Being a Swiss meal, we just had to have cheese. And what could be more over-the-top than Deep Fried Camembert? Camembert is an unpasteurized soft cheese from France which is beloved for its mild flavor and gooey texture. In Appenzeller, it is given the schnitzel treatment as it is rolled in breadcrumbs and deep-fried to golden perfection. I eat it spread over crackers and topped with a little bit of preserved beets. Delicious, although I believe they can find better crackers than Sky Flakes. Nothing wrong with Sky Flakes, in fact I eat it at home. But that’s exactly what I mean- if I wanted to eat cheese and Sky Flakes, than I would have been happy to do so in my pajamas.
The Veal Bratwurst with Potato Salad was also a must try, something very popular in that region. Sanj enjoyed the sausage very much, much more than the Buure Schublig. We asked the server if it was homemade and she confirmed my suspicion that it was sourced from Swiss-owned Santis Delicatessen. Two things I learned from their veal brat is that, 1) caramelized onions and white sausage is the bomb, and 2) a nice sear on a sausage from a scorching-hot pan or grill makes a world of difference.
After a short lull, the main courses arrived all together. Matt, Cutie and Mark V. ordered their own, while Sanj and I ordered several dishes to be shared with all.
A Steak Tartare lover recommended the Appenzeller version, so Sanj decided to order one for the table. Interestingly, the waitress asked us if we wanted it spicy. Funny how this is the first time I was asked this in a restaurant, since I think the spice level is a vital characteristic of this particular dish. True enough, the steak tartare was nicely-seasoned and piquant- exactly how I would have wanted it to taste if I made it myself. It could be less fine though, as I prefer steak tartare a bit chunky. Otherwise, it develops a strange, mousse-y character- something I don’t want associated with raw beef.
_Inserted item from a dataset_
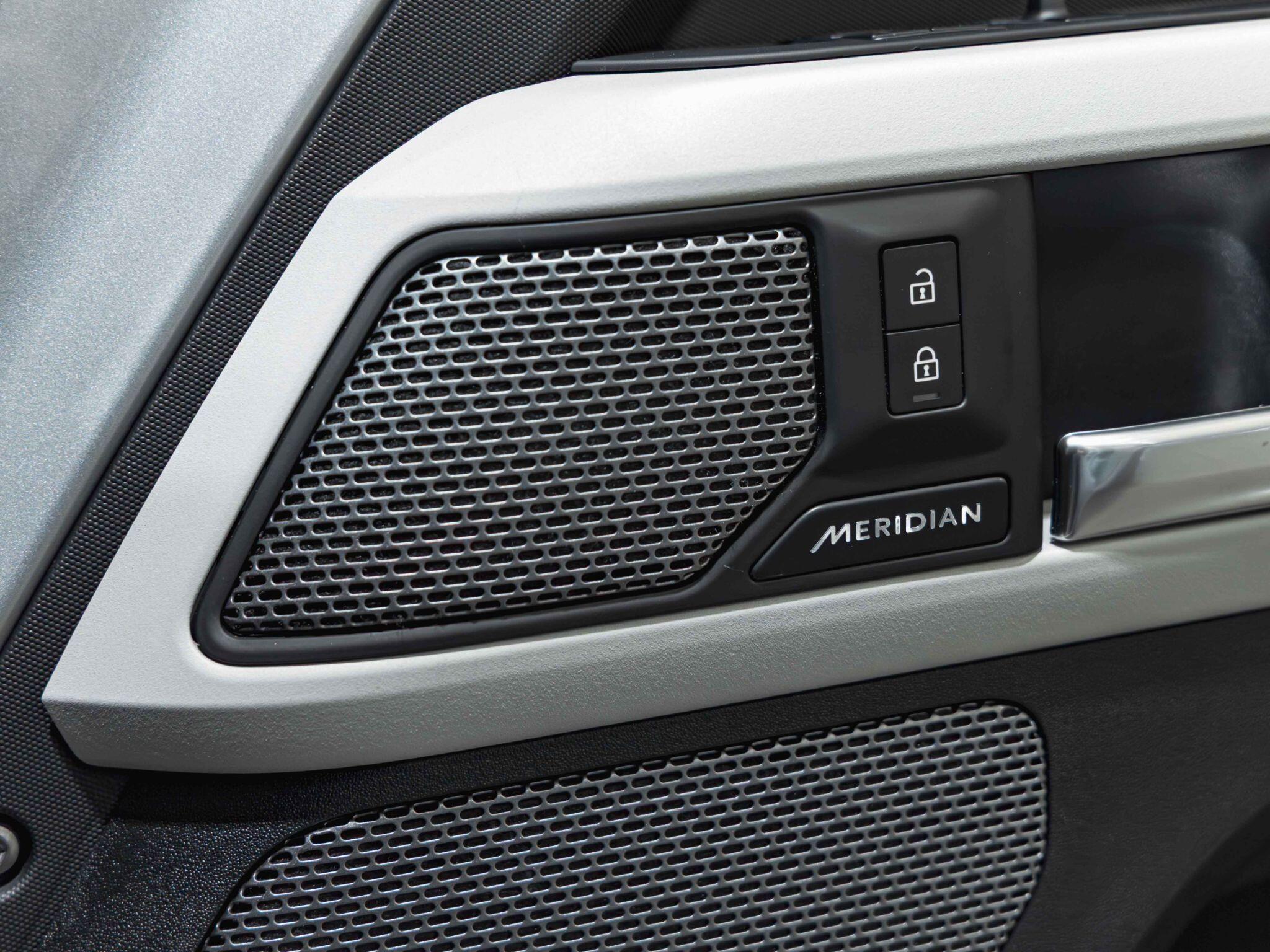 Land Rover Defender 110 view 23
The Zuercher Geschnetzeltes- one of my favorite Swiss dishes to order (not only because it’s so good, but also because I like to brag how I can pronounce it with ease)- was, sadly, our least favorite dish. The flavor of butter was overwhelming, which is never a good thing, in any style of cooking. What a waste of good spaetzle (pasta dumplings).
The Berner Roesti, another favorite, is one of those dishes I can easily have for brunch as well. Roesti- crisp on the outside, moist and soft in the inside- is a popular Swiss potato dish, similar to hash browns. You can pretty much toss in whatever you want to make it more exciting. In this case, the Berger is a roesti potato topped with cheese, bacon and egg. I devoured my order of this the first time we ate here, but the second time I found it to be a tad lackluster. More my fault than the kitchen, though- since we ordered so much food, the cheese hardened as the dish got colder. Note to self: Give the Berner Roesti the attention it deserves- no double-booking.
Another repeat performance came from the Beef Stroganoff (served with a side of buttered pasta). Mark V. and I are particularly fond of this dish- the beef strips are sliced generously and cooked a perfect medium, covered in a robust, demi-glace-based sauce. It’s hearty and comforting, a dish you would love to curl up with on a cold or rainy day.
I love brunch-ing at this restaurant with friends, not only because of the food, but because of the easy vibe, something that is also synonymous with the area. And with the Skyway, it is no longer the “road trip” it used to be. After the three-hour meal, we did some shopping at South Supermarket, where I even found a stall selling Alamid coffee (that expensive stuff which is actually poo from some forest creature) and had my first taste. It was a good day with friends, one of those things that I live for.
Appenzeller Bar & Restaurant
Directions, from Makati- Go south on the Skyway and exit at South Station (Alabang-Zapote Rd.). Just go straight until you hit the Acacia Avenue intersection. Right after you pass that, you will see a row of low buildings on your right. Make a right on the next break on the road and go back. Appenzeller is on that row, next to Tile Depot.